━━━ Data

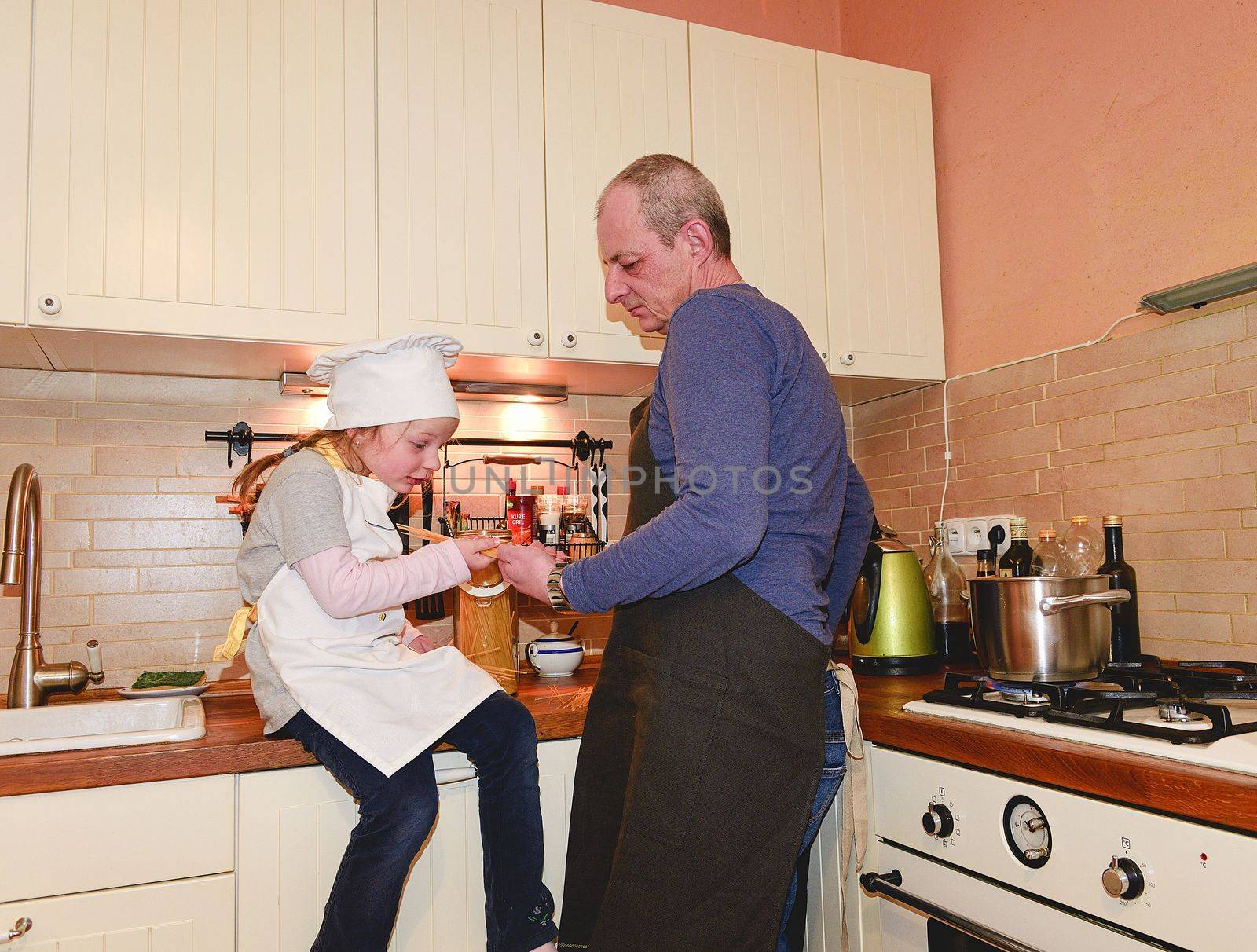 Daughter and father in the kitchen preparing spaghetti to dinner.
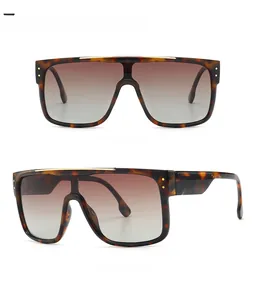 Detailed front and side view of oversized tortoise shell sunglasses with a flat top design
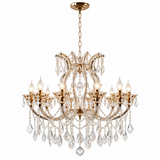An ornate six-light crystal chandelier with a polished gold-tone metal frame and hanging clear glass prisms, shown against a plain white background.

━━━━━━

** Problem details **
Give back the data exactly. Skip any images.

** Task result **
 Daughter and father in the kitchen preparing spaghetti to dinner.
 Detailed front and side view of oversized tortoise shell sunglasses with a flat top design
An ornate six-light crystal chandelier with a polished gold-tone metal frame and hanging clear glass prisms, shown against a plain white background.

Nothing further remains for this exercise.